# Metal cutting band saw



## jaded13640 (Jul 11, 2021)

I worked at a body shop a few years ago and they had taken a cheap Harbor Freight portable metal cutting band saw, screwed a plate to it and clamped it in a vise. I remember thinking, "I can do better than that". Finally the portable saws became cheaper and I happened to have the money at the time so I bought one and built a frame for it.

Here's a picture, I have quite a few more if anyone wants to see a different side or angle. I've been using it a lot lately it just really works great! I wish I'd done it years ago.

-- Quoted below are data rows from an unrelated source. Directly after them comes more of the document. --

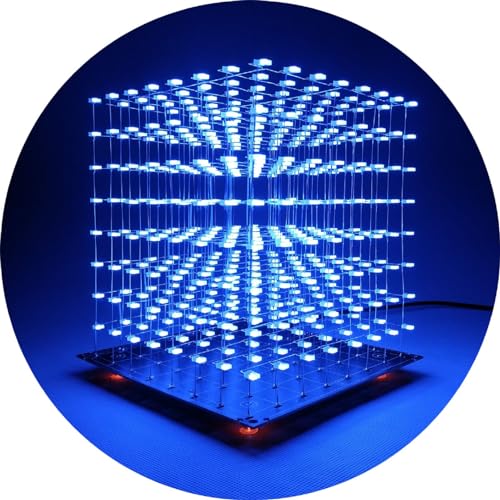 iCubeSmart 8x8x8 LED Cube Elektronik Bausatz DIY Electronic Kit DIY Löten Bausatz (3D8S-BLUE) von iCubeSmart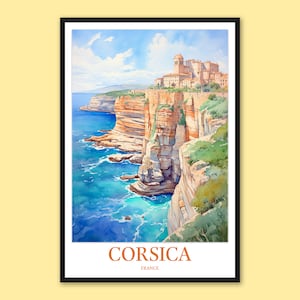 Corsica Travel Print Wall Art Corsica Poster Corsica Print Corsica Wall Decor Corsica Travel Wall Art France Wall Art Gift Corsica Cliffs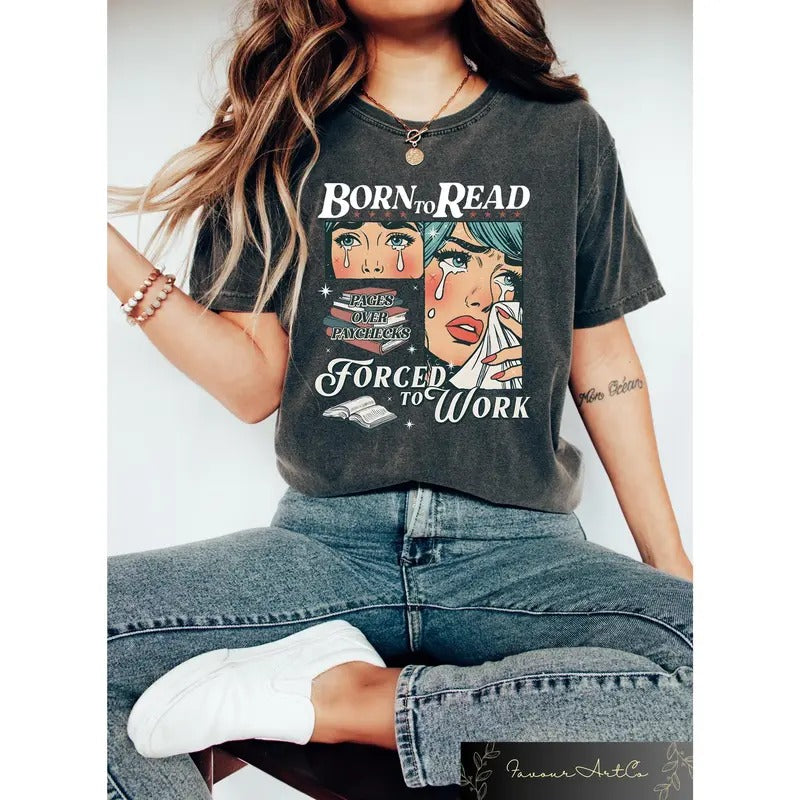 Retro Born To Read Bookish Shirt, Funny Reader Book Addict Tee, Spicy Books Sweater, Smut Shirt, Aesthetic Womens Tshirt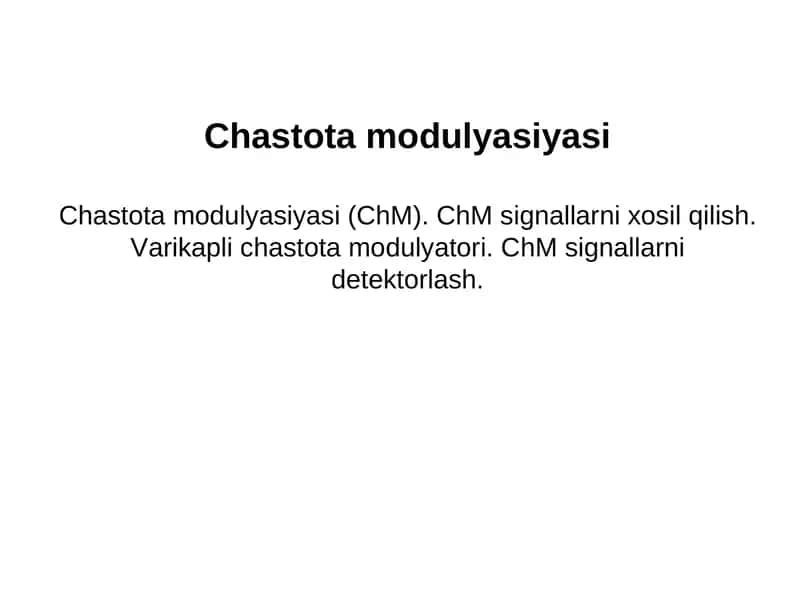 Chastota modulyasiyasi 1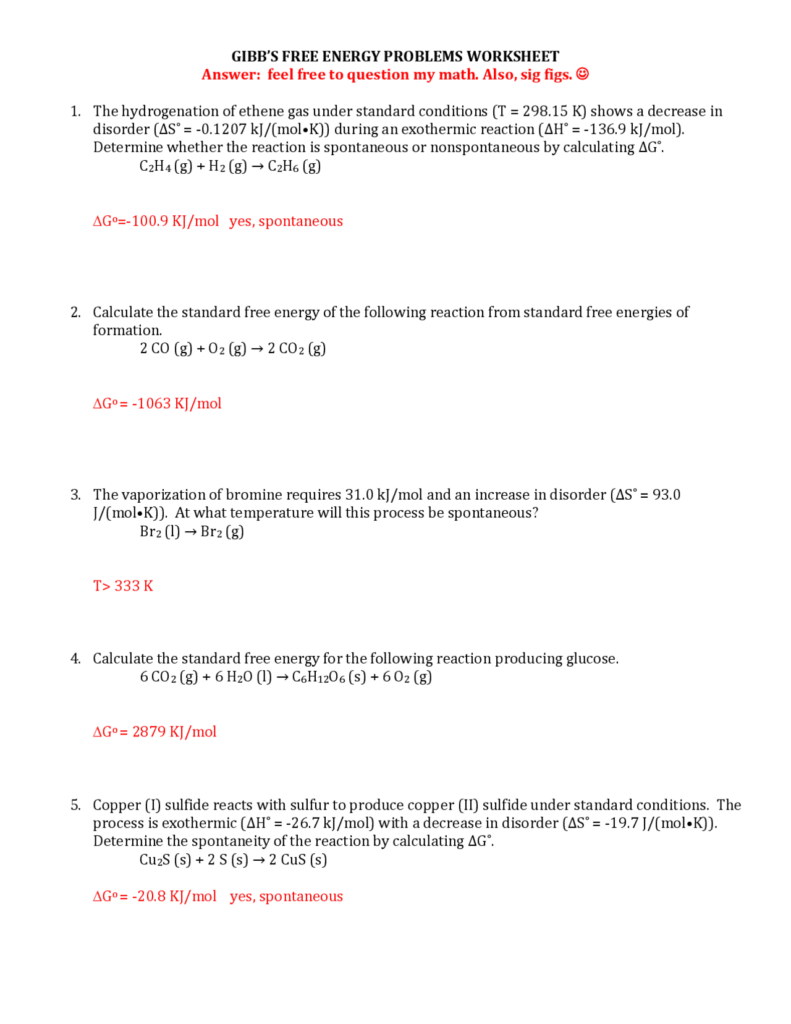 Chemistry worksheet with Gibbs free energy problems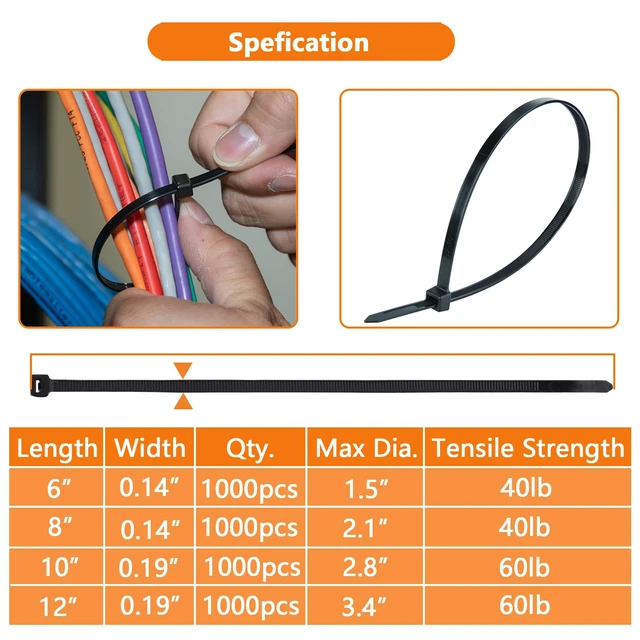 Alt view image 2 of 7 - Zip Ties, Self-locking, Heavy Duty 60lb, Black, 10 Inch, 1000Pcs 10 Cable Ties Black, Plastic Tie Wraps 250mm, 0.19in Wide Wire Ties Heavy Duty, Nylon Zipties for Outdoor Use, Big Ziptie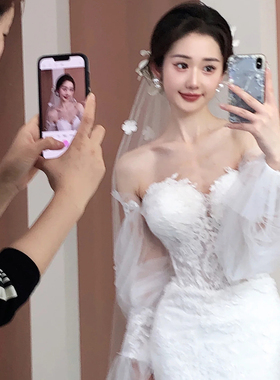 法式头纱新娘主婚纱森系花朵仙美旅拍照跟妆造型结婚领证求婚头饰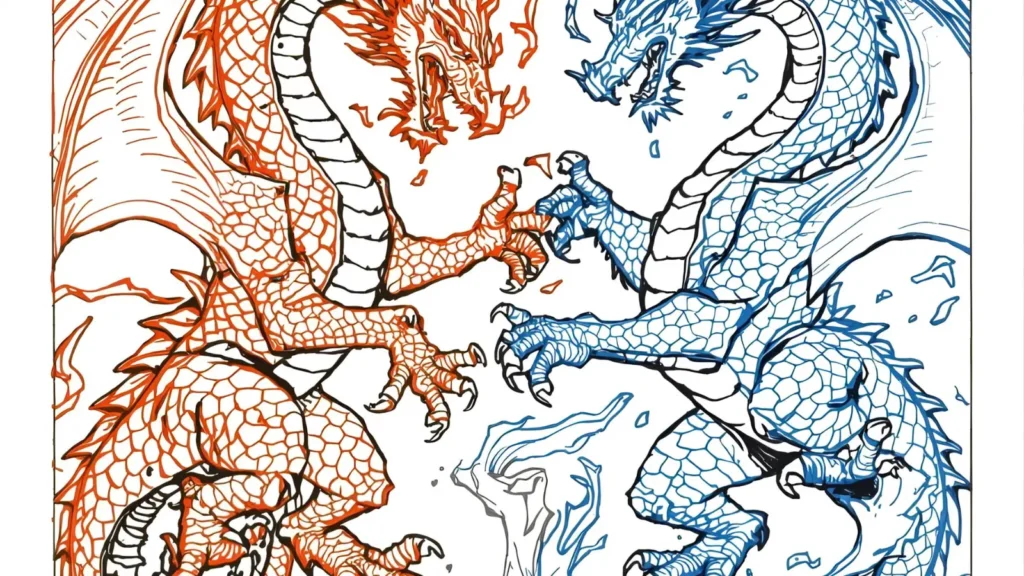 Fire Dragon vs Ice Dragon Coloring Page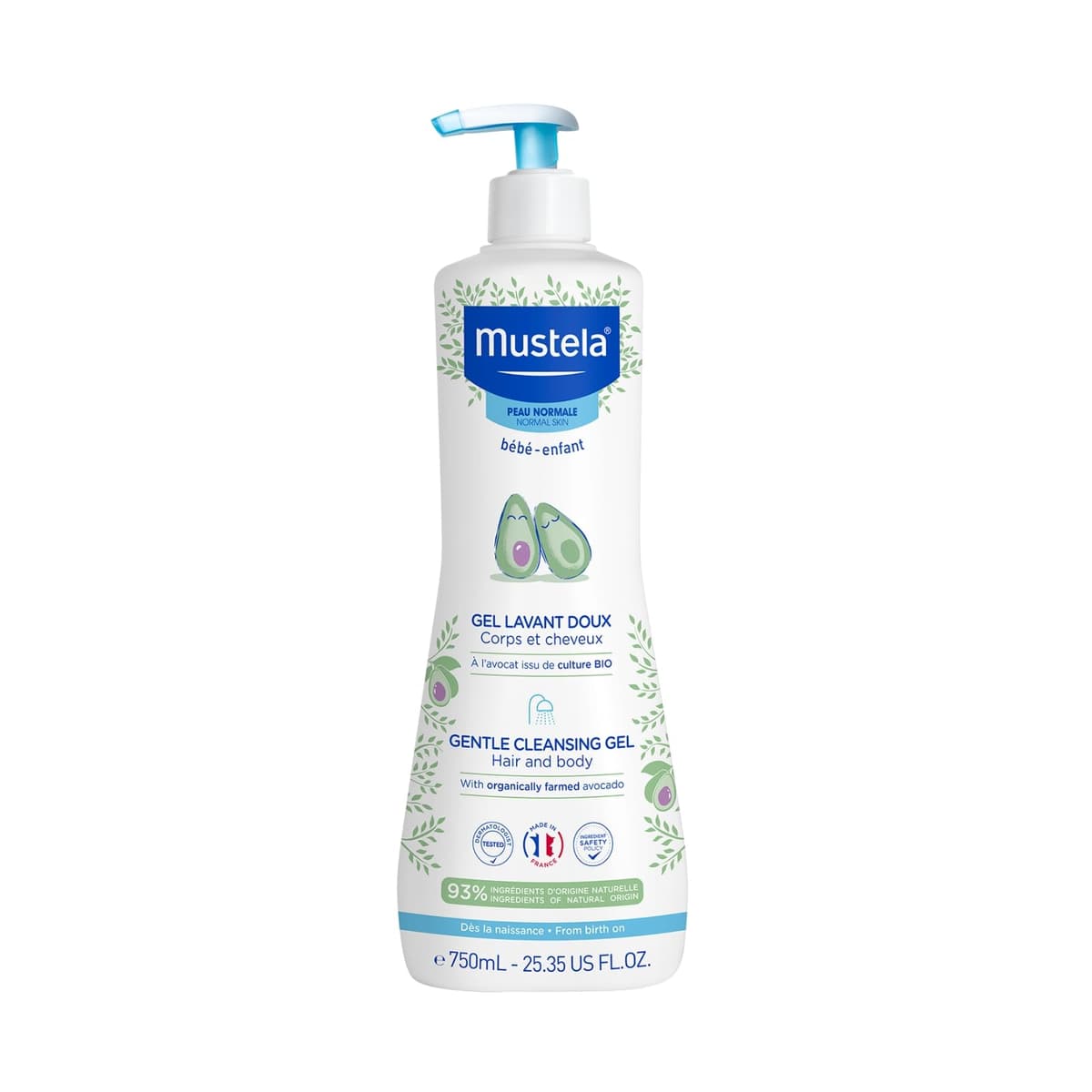 MUSTELA Gel de baño Suave válvula dosificadora, Negro, 750 ml (Paquete de 1)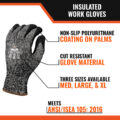 NSULATED CUT LEVEL 4 WORK GLOVES - non-slip polyurethane coating, cut resistant material, three sizes available, meets ansi/isea 104: 2016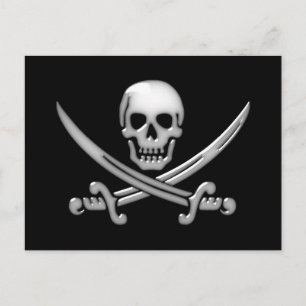 Pirate Skull & Sword Crossbones (TLAPD) Postkarte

PS since I took this photo I made a larger plate for the workpiece table...what a difference!

Wayne


----------



## Alcap (Jul 12, 2021)

I myself have the same HF saw , made my stand of wood , not as nice as yours .   You found out is very handy . I seem to use mine all the time .


----------



## jaded13640 (Jul 12, 2021)

Yea, it sure is. I didn't expect it to work as well as a floor model machine that costs thousands of dollars. But I would say, considering what I have invested into this it works very well. Even excluding how little I have into it, it works damn good! You have to give it a little more time than you might have to give a larger machine. But as anyone that's used a larger machine can tell you, you don't cut fast either way. And this thing isn't exactly slow either... I'm actually impressed with how well it cuts I kind of expected it to be a deal where you say, "oh well, you get what you pay for".  I'd say I got way more than I paid for.


----------



## Eddyde (Jul 13, 2021)

Nice job! Yes, please post some more pictures.


----------



## jaded13640 (Jul 22, 2021)

ok


----------



## Tmate (Aug 10, 2021)

Mine works better than I thought it would too.  Great for small tasks for which it is too much trouble to lift my 7" x 12" Jet horizontal saw into the vertical position and install the table.


----------



## MrWhoopee (Aug 13, 2021)

I made mine from an extra 4x6 I had lying around. No extra bench space, so I made it free-standing. It's getting a lot of use.


----------



## Tmate (Aug 13, 2021)

MrWhoopee said:


> I made mine from an extra 4x6 I had lying around. No extra bench space, so I made it free-standing. It's getting a lot of use.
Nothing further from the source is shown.